Kazakhstan, the dominant supplier of global uranium markets, achieved a partial victory in its endeavor to obtain the same rights as 160 other nations for regulating the international nuclear-fuel trade, Jonathan Tirone reported this development for Bloomberg News.
Kazakhstan is responsible for producing over two-fifths of the world's uranium.
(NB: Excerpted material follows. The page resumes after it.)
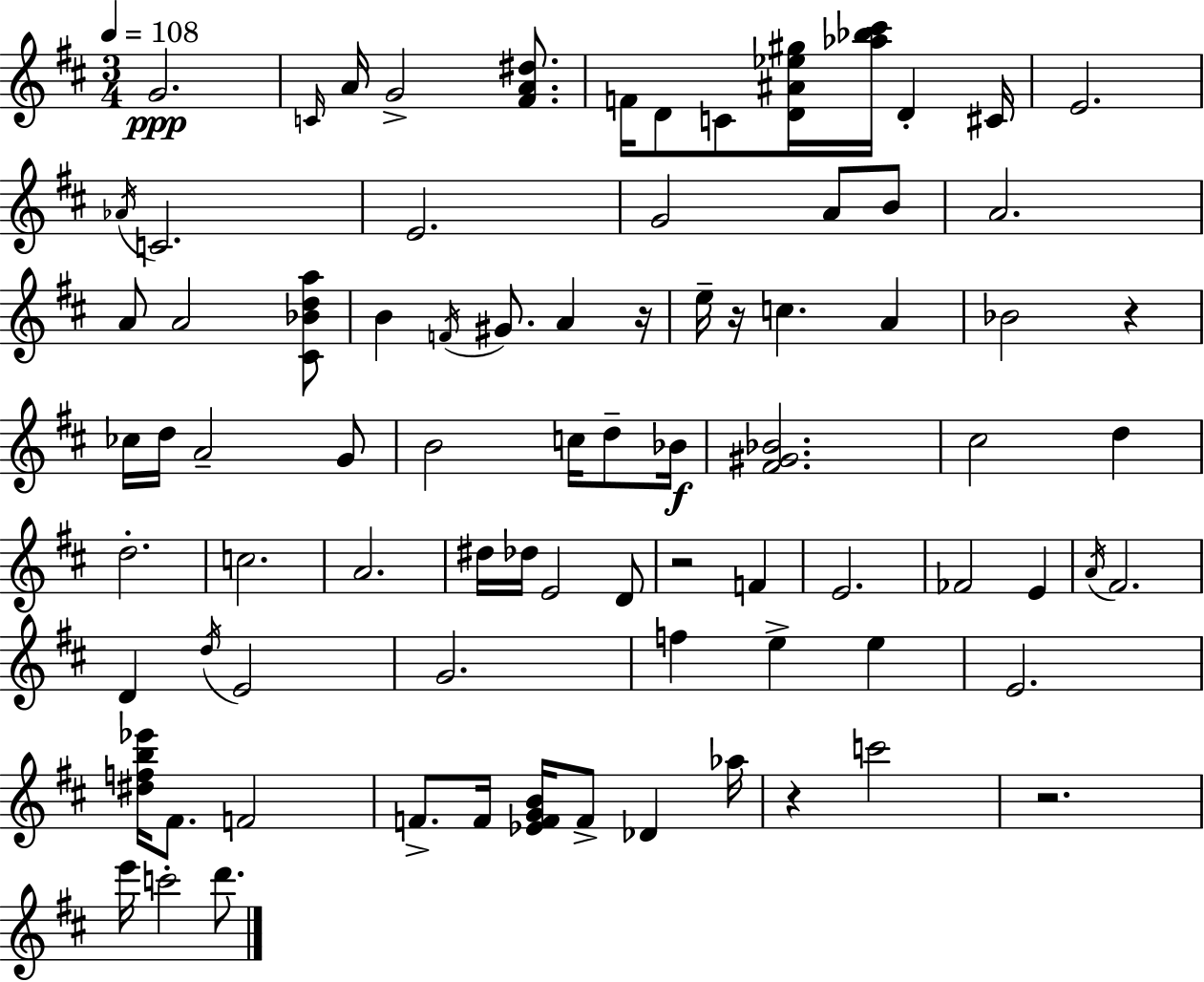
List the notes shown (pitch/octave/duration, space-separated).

I Photo: International Atomic Energy Agency (IAEA)
Members of the International Atomic Energy Agency (IAEA) voted on Friday to examine the predicament shared by the Central Asian nation and 16 other countries currently excluded from serving on the board of governors of the Vienna-based regulator.
Kazakhstan, responsible for producing over two-fifths of the world's uranium, recently issued a legal demand in an attempt to rectify this situation, Kevin Crowley also reported on this matter for Bloomberg News.
The resolution, adopted at the IAEA's general conference, marks the "first step toward restoring justice," according to Kairat Umarov, Kazakhstan's deputy foreign minister.
The agency must now determine how to reform a Cold War-era governance structure that denies sovereign equality among all its dues-paying members.
The IAEA board convenes four times a year and is responsible for establishing rules and selecting leadership through a process that has been likened to the secretive conclave of Catholic cardinals tasked with choosing a new pope.